Despite the year-on-year decline in capex, Samsung pointed out that the level is about even from last year, because the company’s memory and LCD businesses received a late infusion in November. In October Samsung hiked its 2006 capex plans for its semiconductor operations by about 18%, or 1 trillion won (US $1.4 billion), mostly for its memory operations — meaning that the company would end up spending 11% more than in 2005, rather than 5% less.

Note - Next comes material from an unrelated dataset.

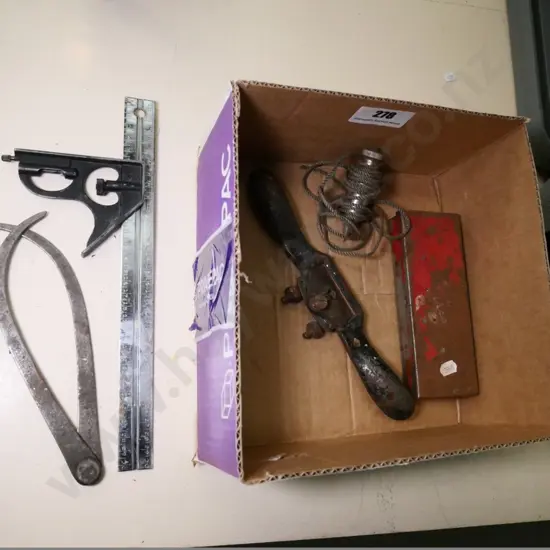 box of plumb line, spokeshave, builder's square, etc.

The cutbacks in spending come even though Samsung grew its sales and profits closing out the year. The company’s semiconductor unit increased operating margins to 31% in 3Q on 10% higher sales of 5.42 trillion won ($5.84 billion), although for the year margins slipped to 26% vs. 30%, on 4% sales growth of 19.08 trillion won ($20.55 billion). Memory sales surged 15% during the final quarter to 4.19 trillion won ($4.51 billion), but were only 2% higher in 2006 vs. 2005 (14.39 trillion won/$15.50 billion, vs. 14.08 trillion won/$15.17 billion). System LSI revenues slowed to 3% growth in 4Q, for a 10% year-on-year increase to 2.21 trillion won ($2.38 billion).

Overall, Samsung reported slightly higher 13% operating margins (2.05 trillion won/$2.21 billion) for 3Q, and slightly lower for FY06 (12%, 6.93 trillion won/$7.47 billion).

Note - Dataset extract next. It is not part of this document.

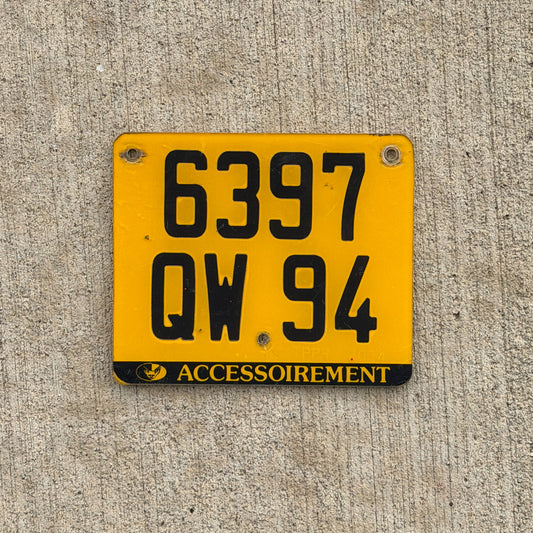 Photo of a 1990 Era France Motorcycle License Plate Auto Tag Garage Decor Vintage French Val-de-Marne 6397 QW 94 with original patina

Strong demand for PCs in 4Q (shipments rose 13% Q-Q) continued to drive “robust” demand for DDR2 memory, which saw 19% bit growth during the quarter. 80nm chips, now in volume production, accounted for 25% of wafer-out in December, the company said. Despite NAND price declines, Samsung said its NAND business further improved profitability thanks to continued cost reductions due to its transition to 60nm and multilevel cell migration, with NAND also seeing 19% bit growth during the quarter.

For 1Q07, Samsung expects “stable overall performance” with higher demand for DRAM and IT panels and better profitability for mobile phones offsetting “challenges in key product areas,” said Woosik Chu, SVP and head of Samsung Electronics’ investor-relations team, in a statement. “Our key businesses, such as DRAMs, NAND flash memory chips, LCDs, mobile phones, and flat-panel TVs, will enter into a growth momentum after the first half, and we expect significant growth both in revenue and profits in the second half,” he stated.

Looking further into 2007, Samsung projects strong memory demand due to the launch of Microsoft’s Vista and more growth for specialty DRAM. Shipments of mobile DRAM for high-end 2.50-3.5G handsets are seen rising 80% during 2007, while graphics DRAM shipments for game consoles are expected to sure 75% Y-Y. NAND business should see increasing card densities in 1H07 despite slow seasonality, the company says, with 2GB-and greater cards entering “the sweet-spot price,” pushed by demand for handsets.

Samsung also hinted that new product launches in 2H07 should “significantly drive up demand,” with 1GB-8GB music phones and 8G+ PMPs. It’s worth noting that Samsung is believed to have won most of the processing sockets for Apple’s just-unveiled iPhone, which should be released later this year.